While not comprehensive or representative of hard-and-fast guidelines, these examples highlight the need for psychiatrists to familiarize themselves with those genetic disorders that predispose to psychosis, when encountered clinically. Although expecting clinicians to perform exhaustive literature reviews for this purpose is unrealistic, numerous readily accessible, clinically oriented resources that summarize the most salient phenotypic features of various genetic disorders exist. A good starting point is the online, peer-reviewed, journal-style, point of care resource, GeneReviews^®, as referenced above (https://www.ncbi.nlm.nih.gov/books/NBK1116). OMIM is also a useful website that focuses on genotype-phenotype correlations by collating relevant information from published reports (https://www.omim.org). When in doubt, consultation with medical genetics should be sought. However, as providing advice on psychiatric treatment selection is outside geneticists’ scope of practice, psychiatrists may additionally want to confer with psychiatric colleagues who have experience in this area. In rare cases, there may also exist disorder-specific consultation services, including with respect to providing psychiatric care, such as the Phelan-McDermid Syndrome Neuropsychiatric Consultation Group (https://pmsf.org/neuropsychiatric-consultation-group).

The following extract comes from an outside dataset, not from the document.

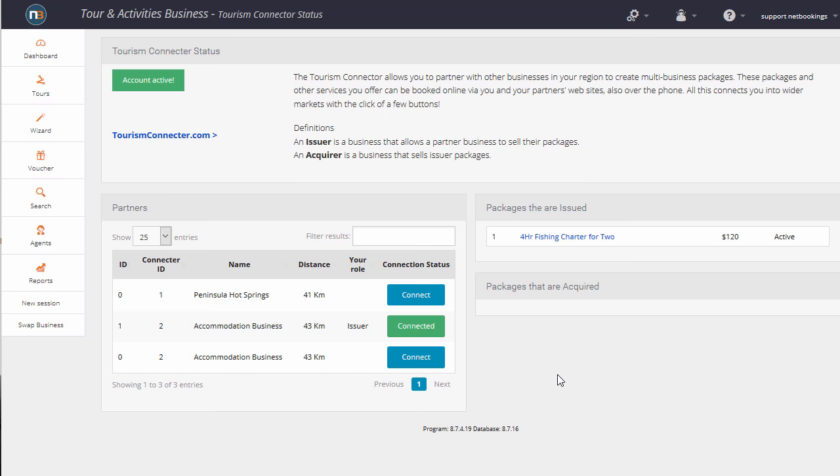The accommodation business then combined that package with one of their services that they offer, which was an overnight stay. And then a package was booked, creating references between the two different systems all through the Tourism Connector.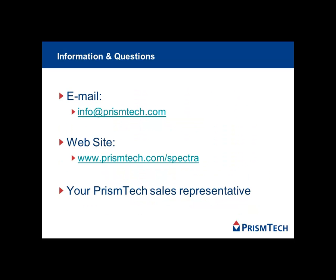For more information on Quick Start, contact us via email, our website, or your sales representative.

In summary, although the recommendations herein do not represent consensus practice guidelines, when providing care for individuals with psychosis occurring on the background of rare genetic variation, psychiatrists should take the time to educate themselves accordingly to ensure the safe and rational prescribing of antipsychotic medications in this population.

Take Home Messages

A variety of rare genetic disorders confer significant risk for psychosis.